> **SUPPLIED MATERIAL**:
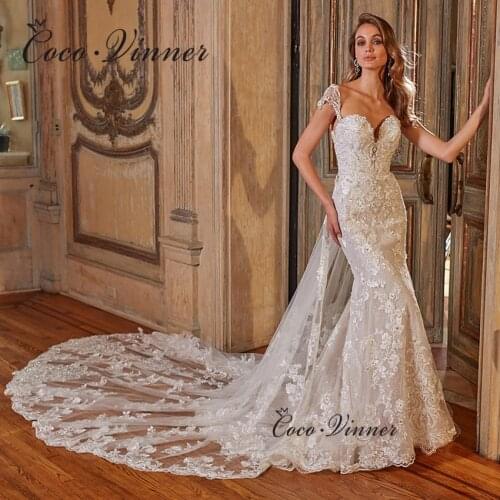 Sexy Backless Mermaid Wedding Dresses With detachale Tail V neck Europe And America Style 2021 Wedding Dress W0899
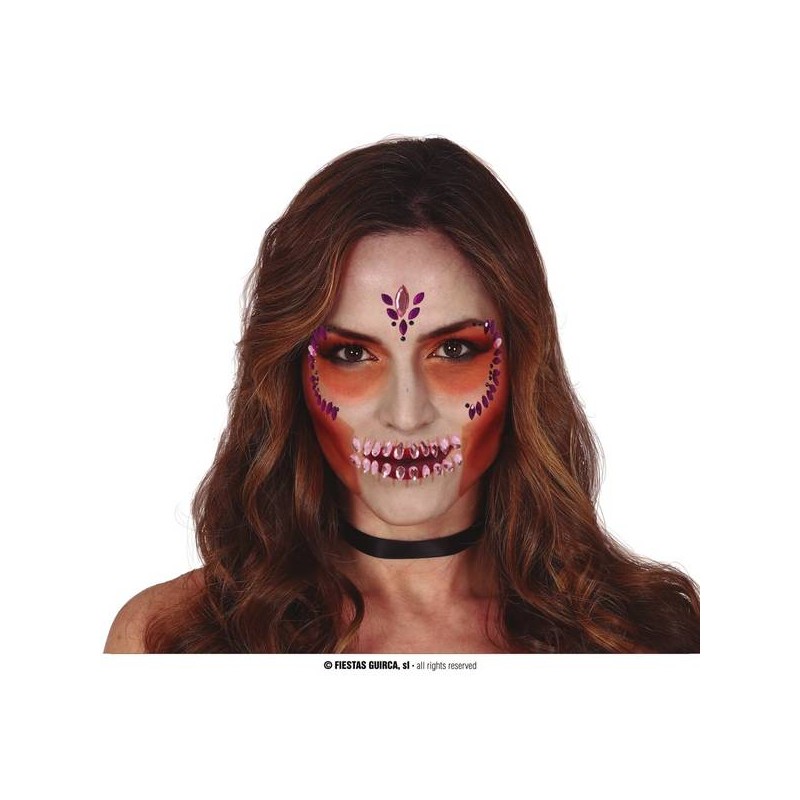 GIOIELLI ADESIVI DA VISO TESCHIO LILLA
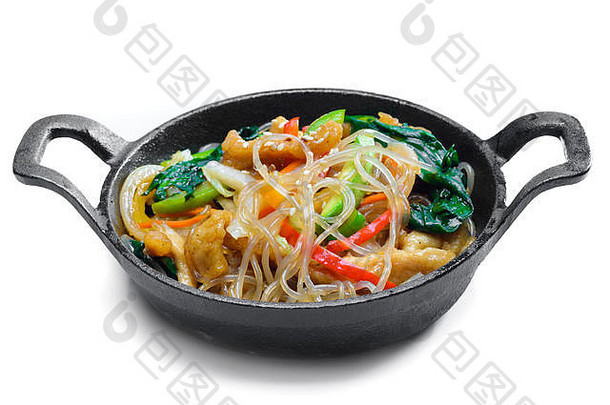 朝鲜文大米面条蔬菜煎锅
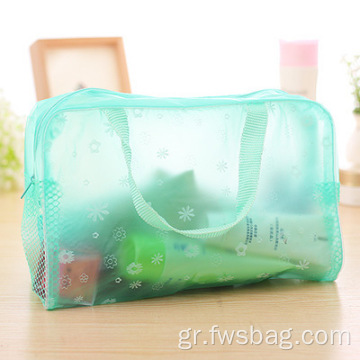 Προσαρμοσμένα κορίτσια δώρο διαφανές PVC αδιάβροχο τουαλέτα ταξιδιού αποθήκευση καλλυντικών μακιγιάζ τσάντα zip poucheup διοργανωτής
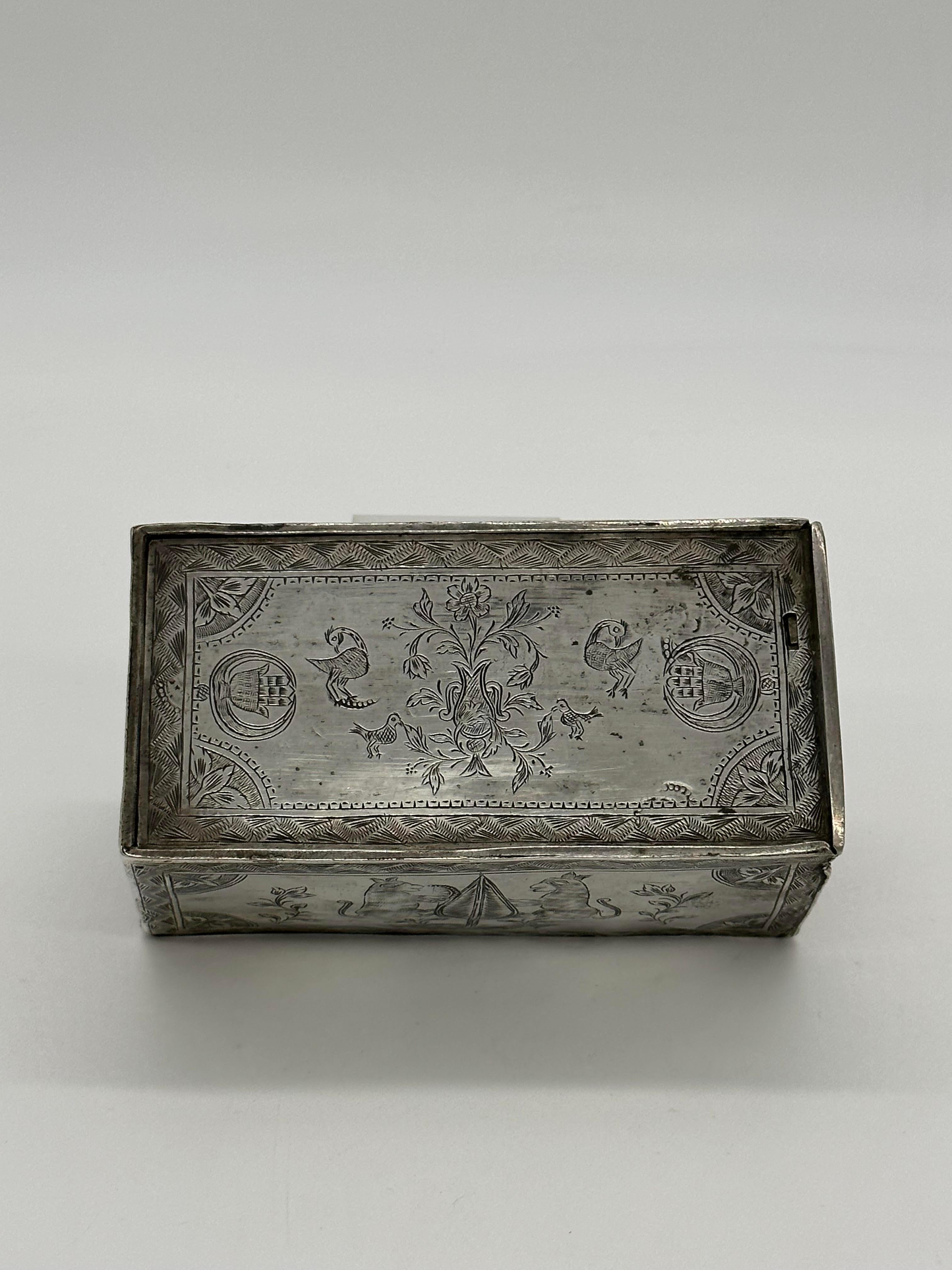 extremely rare Algerian Judaica silver, jewish Dowry box early 19th century For Sale 3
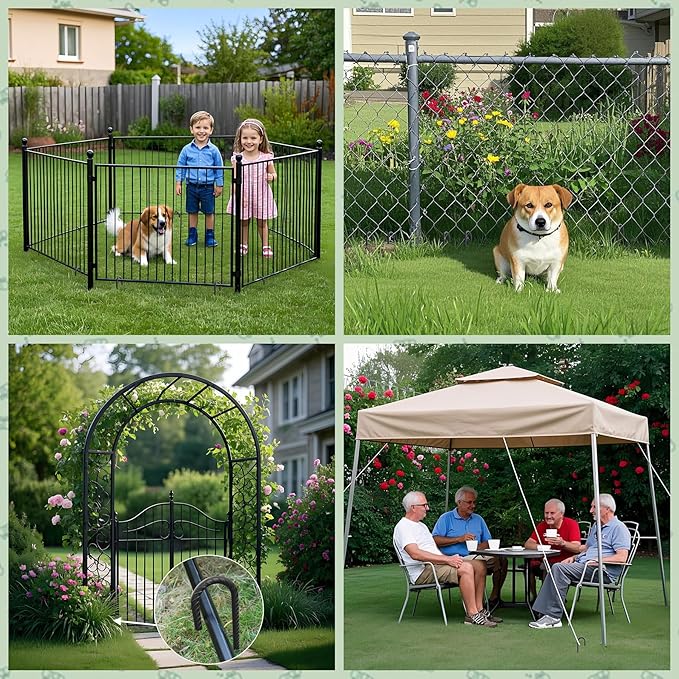 VVOKGO Rebar Stakes 16 Inches J Hook Heavy Duty Chain Link Fence Stakes 16 Pcs Metal Long Tent Spikes Ground Anchors for Wire Fencing Dogs Digging Camping Tents Swings Greenhouse Black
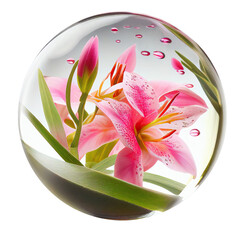 lilly flowers in glass ball , isolated on transparent background cutout , generative ai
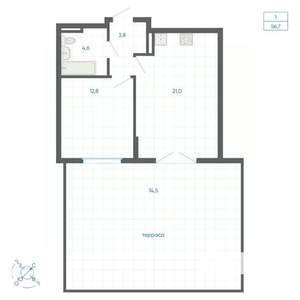 1-к квартира, вторичка, 57м2, 2/15 этаж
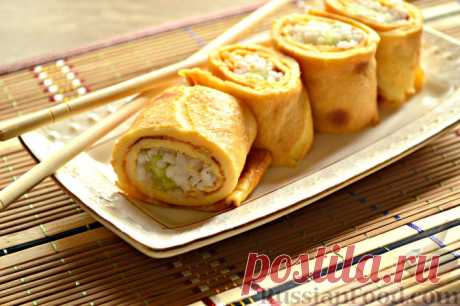 Рецепт: Роллы из яичных блинчиков с рисом и огурцом на RussianFood.com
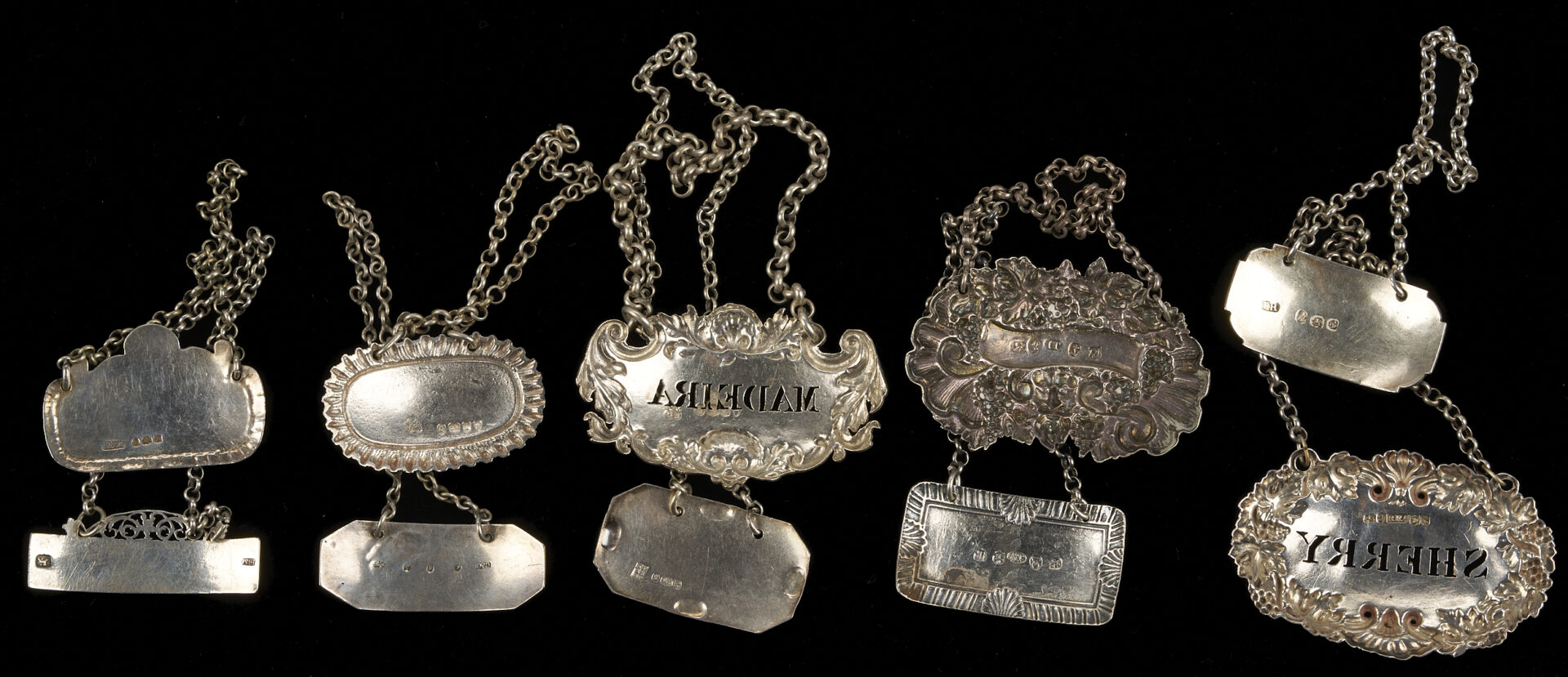 Lot 74: 40 Antique British Sterling Silver Wine Labels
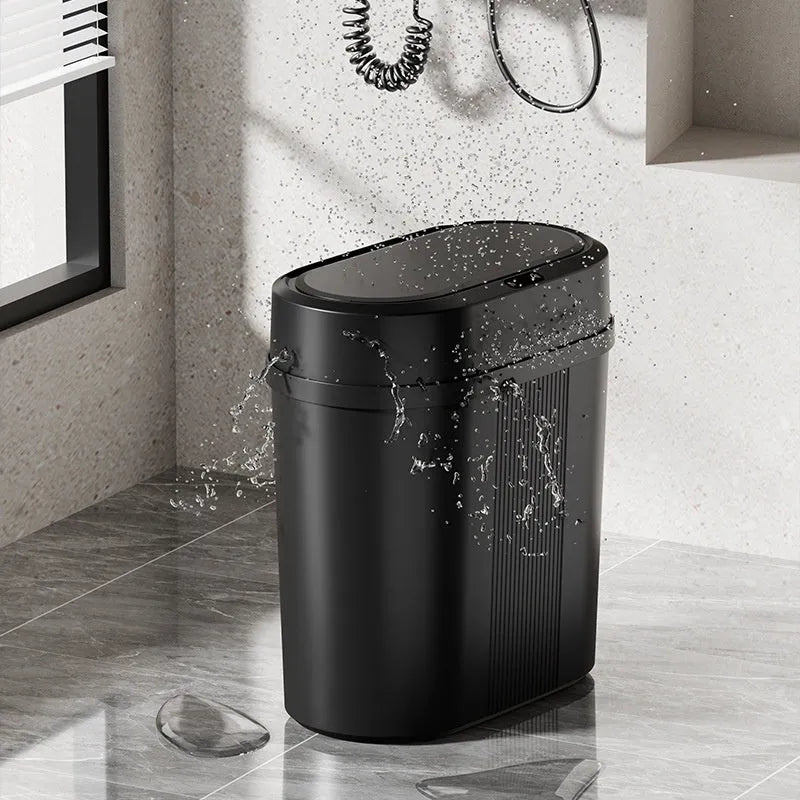 Square PP smart trash can with sealed waterproof lid, black battery type, on kitchen floor
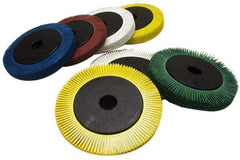 3M - 6" Diam, 1/2" Max Face Width, Plain Hole Radial Bristle Brush - 50 Grit, Coarse Grade, 6,000 Max RPM, Green - Exact Tool & Supply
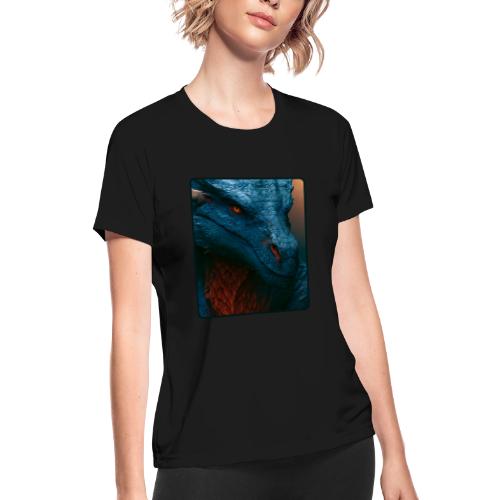 Turquoise Dragon Fire Eye Design - Women's Moisture Wicking Performance T-Shirt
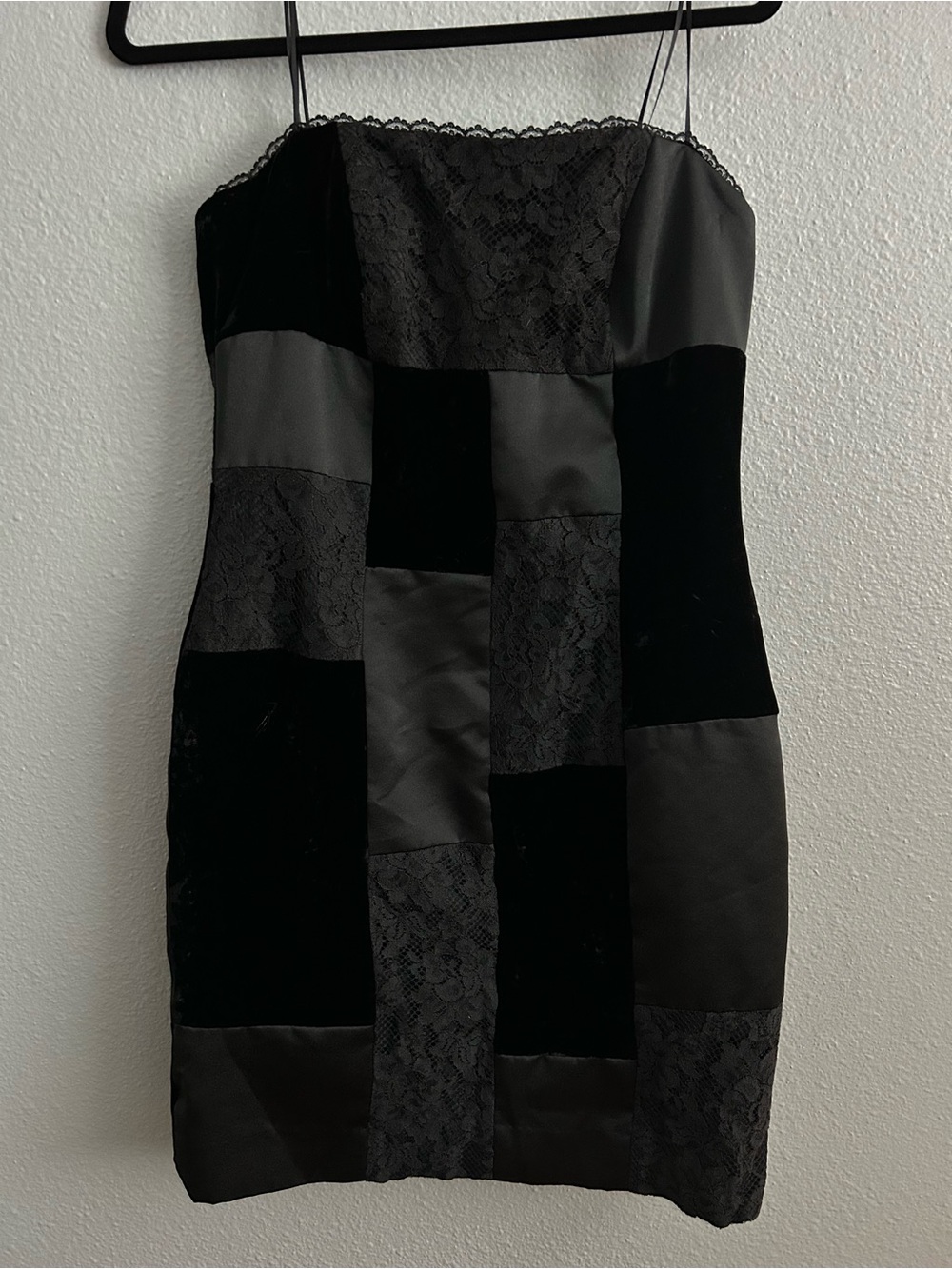 VINTAGE Black Velvet And Lace Patchwork Lace Slip Dress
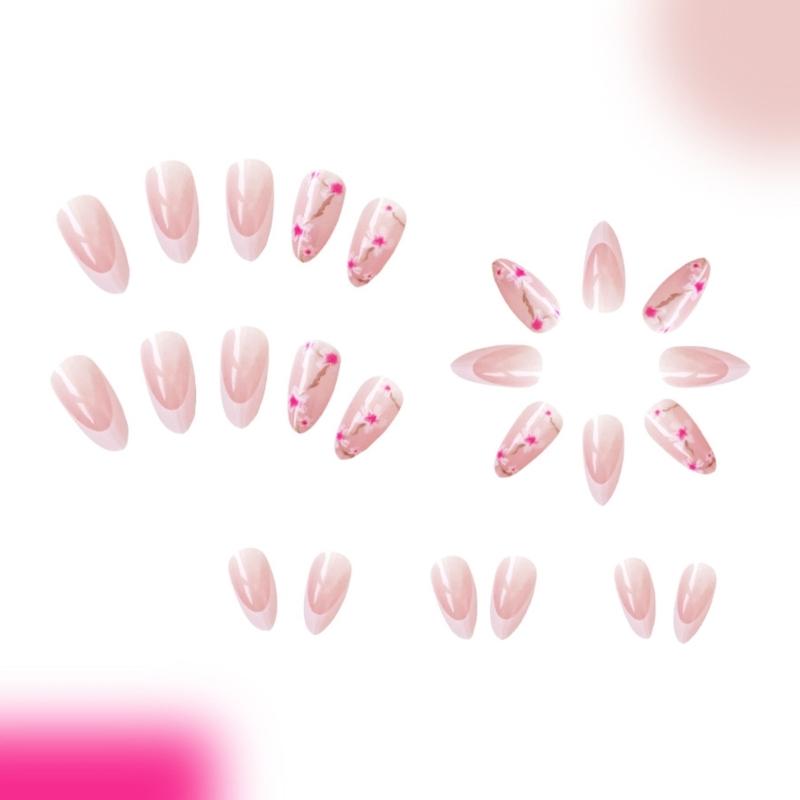 24 шт. Цветы Искусственные ногти Французский кончик Накладные ногти Средний Миндаль Полное покрытие Наклейки для ногтей Глянцевые Накладные ногти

> **WORK TO BE COMPLETED**:
Without including any pictures, set down word for word every line from the one containing "GIOIELLI ADESIVI DA VISO TESCHIO LILLA" through the last line of the material.

> **REPLY**:
 GIOIELLI ADESIVI DA VISO TESCHIO LILLA
 朝鲜文大米面条蔬菜煎锅
 Προσαρμοσμένα κορίτσια δώρο διαφανές PVC αδιάβροχο τουαλέτα ταξιδιού αποθήκευση καλλυντικών μακιγιάζ τσάντα zip poucheup διοργανωτής
 extremely rare Algerian Judaica silver, jewish Dowry box early 19th century For Sale 3
 VVOKGO Rebar Stakes 16 Inches J Hook Heavy Duty Chain Link Fence Stakes 16 Pcs Metal Long Tent Spikes Ground Anchors for Wire Fencing Dogs Digging Camping Tents Swings Greenhouse Black
 lilly flowers in glass ball , isolated on transparent background cutout , generative ai
 1-к квартира, вторичка, 57м2, 2/15 этаж
 Рецепт: Роллы из яичных блинчиков с рисом и огурцом на RussianFood.com
 Lot 74: 40 Antique British Sterling Silver Wine Labels
 Square PP smart trash can with sealed waterproof lid, black battery type, on kitchen floor
 3M - 6" Diam, 1/2" Max Face Width, Plain Hole Radial Bristle Brush - 50 Grit, Coarse Grade, 6,000 Max RPM, Green - Exact Tool & Supply
 Turquoise Dragon Fire Eye Design - Women's Moisture Wicking Performance T-Shirt
 VINTAGE Black Velvet And Lace Patchwork Lace Slip Dress
 24 шт. Цветы Искусственные ногти Французский кончик Накладные ногти Средний Миндаль Полное покрытие Наклейки для ногтей Глянцевые Накладные ногти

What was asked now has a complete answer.